Take the entries below and print only the lines from the one with "links screenshot" through the one with "Glossy Flower Stud Earrings", exactly as they stand, both ends included.
*** Opening DATASET RECORDS ***
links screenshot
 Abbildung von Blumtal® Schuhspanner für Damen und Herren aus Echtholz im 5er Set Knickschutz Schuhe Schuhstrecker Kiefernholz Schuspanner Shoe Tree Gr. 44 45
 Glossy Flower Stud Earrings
*** Closing DATASET RECORDS ***
*** Opening DATASET RECORDS ***
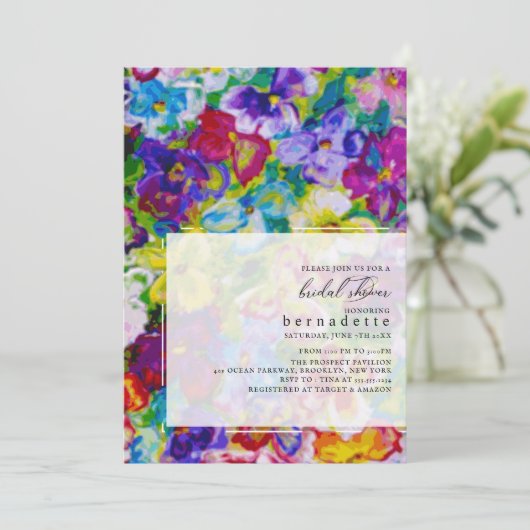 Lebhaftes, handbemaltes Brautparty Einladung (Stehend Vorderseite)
*** Closing DATASET RECORDS ***
• [PROBLEM SOLUTION]
links screenshot
 Abbildung von Blumtal® Schuhspanner für Damen und Herren aus Echtholz im 5er Set Knickschutz Schuhe Schuhstrecker Kiefernholz Schuspanner Shoe Tree Gr. 44 45
 Glossy Flower Stud Earrings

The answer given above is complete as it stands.